▶ **DATA EXTRACTS**
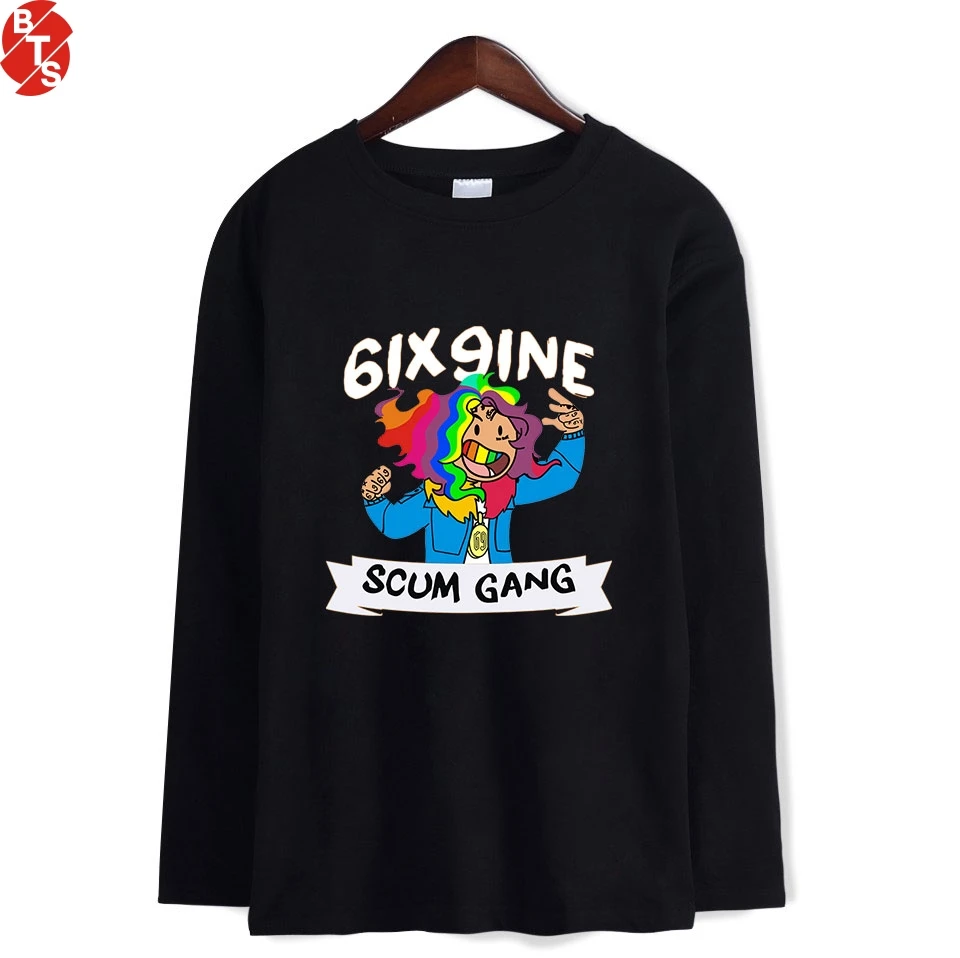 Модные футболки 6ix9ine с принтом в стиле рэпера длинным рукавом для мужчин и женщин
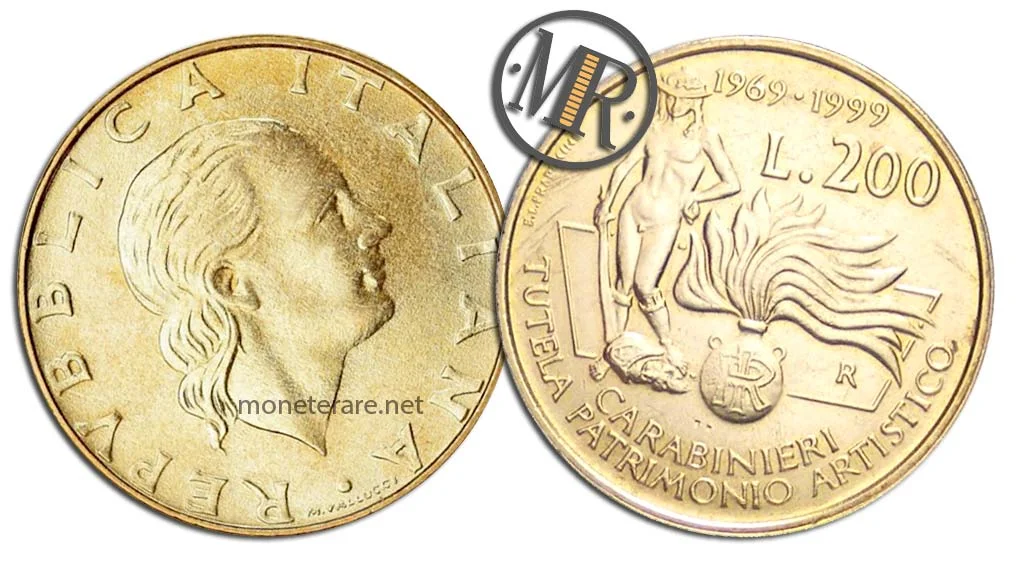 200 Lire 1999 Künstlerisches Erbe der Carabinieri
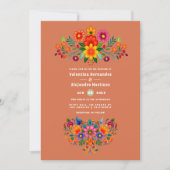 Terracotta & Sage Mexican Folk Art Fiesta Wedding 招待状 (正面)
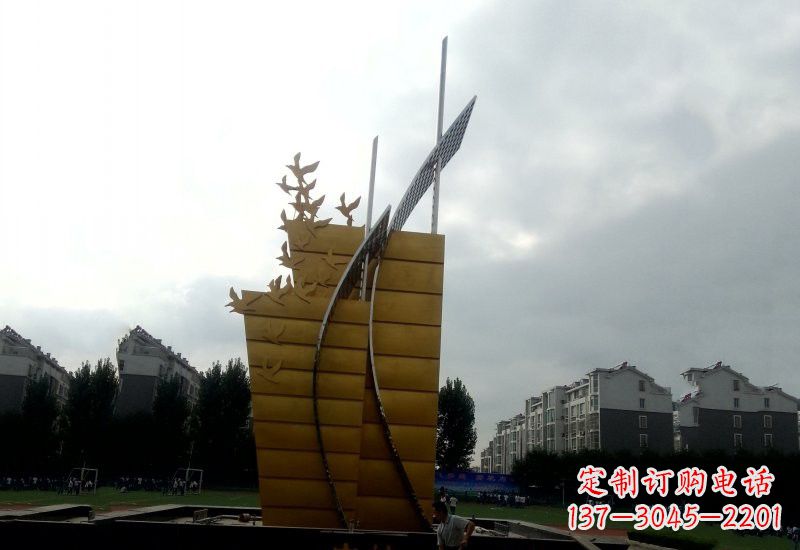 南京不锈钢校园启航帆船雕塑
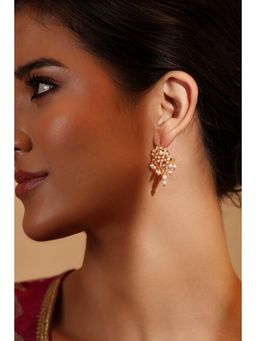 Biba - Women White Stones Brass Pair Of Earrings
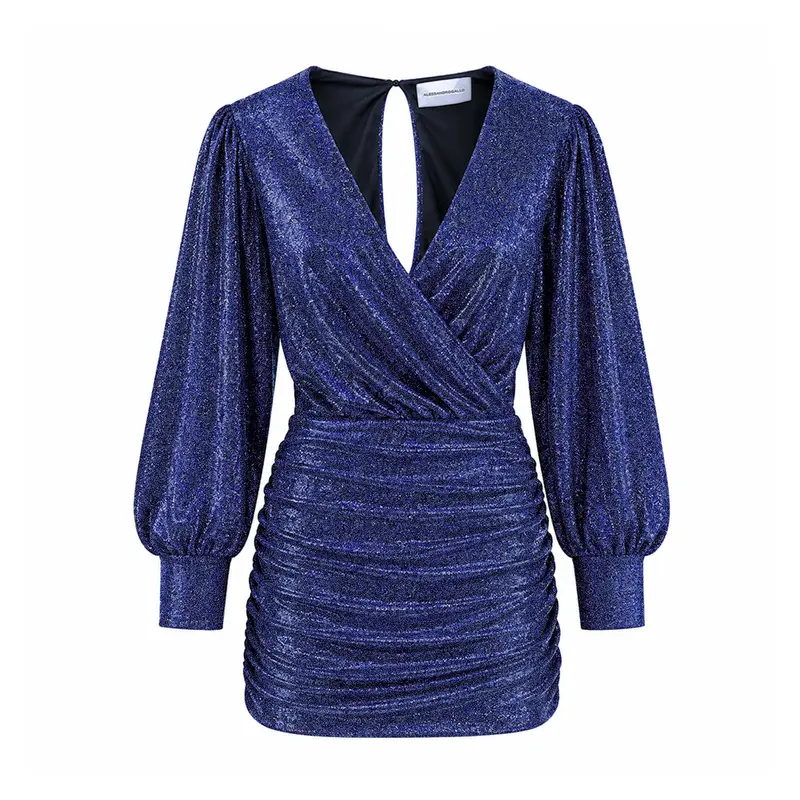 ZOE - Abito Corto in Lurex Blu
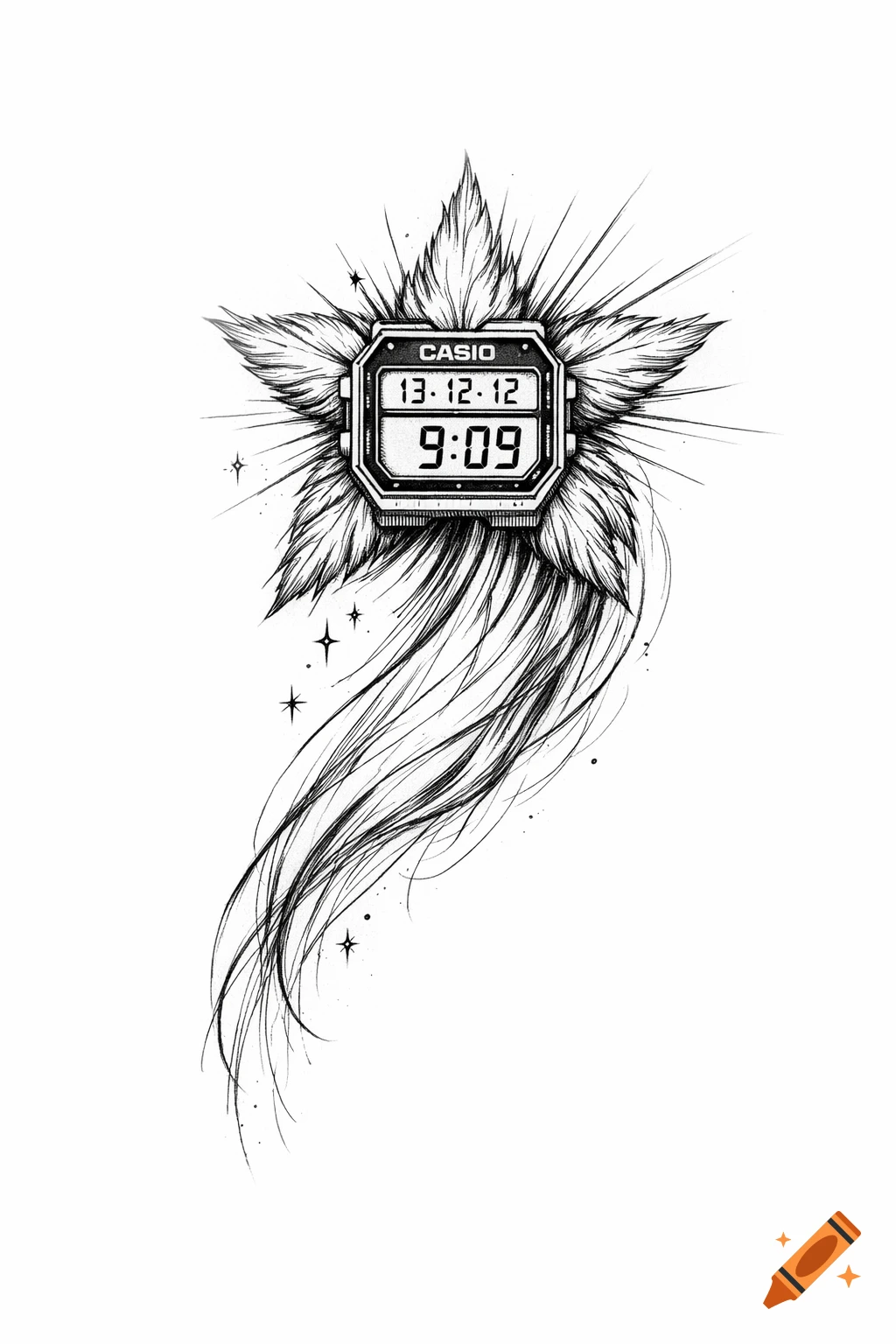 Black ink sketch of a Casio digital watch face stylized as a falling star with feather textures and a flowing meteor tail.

▶ **WHAT TO WORK ON**
Transcribe every entry exactly. Leave out the pictures.

▶ **OUTPUT FOR THIS TASK**
 Модные футболки 6ix9ine с принтом в стиле рэпера длинным рукавом для мужчин и женщин
 200 Lire 1999 Künstlerisches Erbe der Carabinieri
 Terracotta & Sage Mexican Folk Art Fiesta Wedding 招待状 (正面)
 南京不锈钢校园启航帆船雕塑
 Biba - Women White Stones Brass Pair Of Earrings
 ZOE - Abito Corto in Lurex Blu
 Black ink sketch of a Casio digital watch face stylized as a falling star with feather textures and a flowing meteor tail.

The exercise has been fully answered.